1.2 Difficulties with RuntimeFilter

This article describes the challenges of the entire RuntimeFilter technology from the following aspects: creating RuntimeFilter delivery rules, delivering RuntimeFilter Objects, and generating and using RuntimeFilter Objects.

1.2.1 How to Select the Producer and Consumer of RuntimeFilter Objects

RuntimeFilter is a filter condition generated by the producer and passed to the consumer for consumption during execution. In a broad definition, the computing node on each data link can be used as the production end of a RuntimeFilter and passed to the consumer using equivalent conditions. The lower left figure shows a fully connected Bushy Tree Inner Join Graph (with the same Join conditions). Each subquery produces a RuntimeFilter. In the lower right figure, the black line indicates the data flow, and the execution of Join depends on the data flow of Probe and Build. The orange line indicates the information flow. For example, 5 and 6 can mutually generate and consume RuntimeFilters.

Figure 2

In actual implementation, we often do not generate such full connectivity dependencies. On the one hand, this will generate circular dependencies and may not all take effect. On the other hand, both the production and consumption of RuntimeFilter have overhead, and we should choose the one with lower overhead and greater benefits. This includes the following three aspects:

Select valuable producers to quickly generate RuntimeFilters with good filtering effects
Select the most root consumers to maximize the filtering effect of this RuntimeFilter at the SQL execution level

The relationship between the producer and consumer cannot form a circular reference.
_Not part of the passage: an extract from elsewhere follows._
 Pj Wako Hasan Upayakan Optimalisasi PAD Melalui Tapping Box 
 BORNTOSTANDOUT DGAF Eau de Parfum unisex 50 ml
1.2.2 How RuntimeFilter Objects Are Passed in the Distributed Execution Framework

We introduced RuntimeFilter Object as a single logical entity before, but common distributed MPP database execution engines have single-server and multi-server parallelism. In the previous section, a logical RuntimeFilter Object in the execution plan diagram may be composed of M*N memory objects on N machine nodes. This complicates the propagation of RuntimeFilter Objects between the producer and consumer. This propagation breaks the original bottom-up data propagation model of the SQL execution engine.

RuntimeFilter Service is the most common implementation of RuntimeFilter Object delivery in the industry, including Impala and Doris. This implementation idea is to set up a dedicated service on the coordinator node (frontend node), which is responsible for receiving partial RuntimeFilter Objects generated by all producers, merging RuntimeFilter Objects, and broadcasting to consumers.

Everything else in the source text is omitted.